By: Tara Bozick | GoDanRiver

Hybrid Vehicles of Danville, Inc to build and retrofit vehicles in Danville, creating 150 jobs within three years.A hybrid vehicle maker announced in May it would build and retrofit vehicles in Danville, creating 150 jobs within three years.

Hybrid Vehicles of Danville, Inc. entered into a joint venture with Danville’s Advanced Vehicle Research Center, where the new company operates temporarily on Stinson Drive. Hybrid Vehicles will initially hire 25 people and plans to invest $1.5 million within three years.

A $420,000 grant from the Virginia Tobacco Commission got the ball rolling so the company could purchase equipment and begin hiring, according to a city news release.

The company has secured orders for mild hybrids, where an electric motor assists the conventional combustion engine. Founder and CEO Jim Bailey said the company can make a variety of vehicles, including buses and armored vehicles.
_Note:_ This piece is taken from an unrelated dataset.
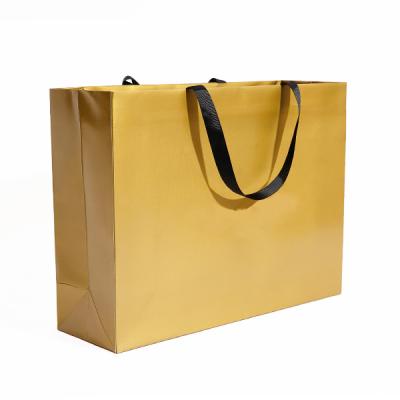 China Matte Gift Packaging Bags Cosmetic Retail Apparel Shopping Recyclable Yellow Paper Bag With Logo Print Custom for sale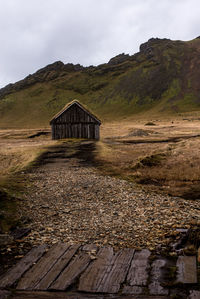 Built structure on mountain against sky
In partnership with the AVRC, the firm can also taking existing vehicles — “anything from a scooter to a semi-truck” — and retrofit them to become mild hybrids, he added.

Hybrid Vehicles will also install proprietary solar-powered cooling systems into most of the buses and armored vehicles it builds. Bailey said the company plans to do work for school buses and delivery, transit, SWAT and defense vehicles. The company will also use AVRC’s military off-road test and training site and testing equipment to collect data on vehicle propulsion and fuel economy performance.
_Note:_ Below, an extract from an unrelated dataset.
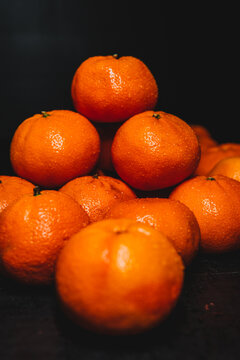 tangerines on a black background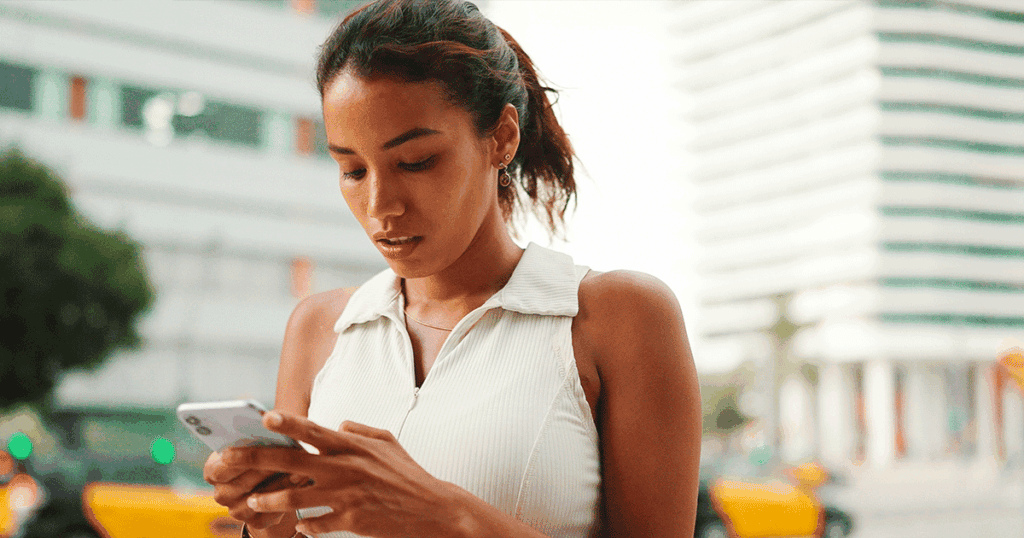 Woman beginning her post-abortion healing journey while looking at her phone.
This was the type of work the late founder of the AVRC, Richard “Dick” Dell, envisioned when he set up shop in Danville in 2009, said son Richard D. Dell Jr. For Danville, Dell said it’s creating a “stable long-term growth engine for job creation,” as he sees the start of a local defense cluster.

Hybrid Vehicles would need to employ fabricators, welders, mechanics and machinists, Bailey said.

That gives Danville Community College students enrolled in welding, machining and automotive programs another option for jobs, said DCC vice president for academic and student services Christopher Ezell. Most graduates of those programs find jobs as their skills are in high demand.

“This is very important to us. It just shows the economic development efforts that are certainly paying off,” Ezell added.

Bailey and his wife moved from East Helena, Mont., to open the facility and headquarters in Danville.

“We are pleased with the growing alternative vehicle sector that we are attracting to our region. Danville offers an attractive operating environment and a growing number of entrepreneurs that collaborate together on projects to create better paying jobs for our citizens,” said Danville Mayor Sherman Saunders in a statement.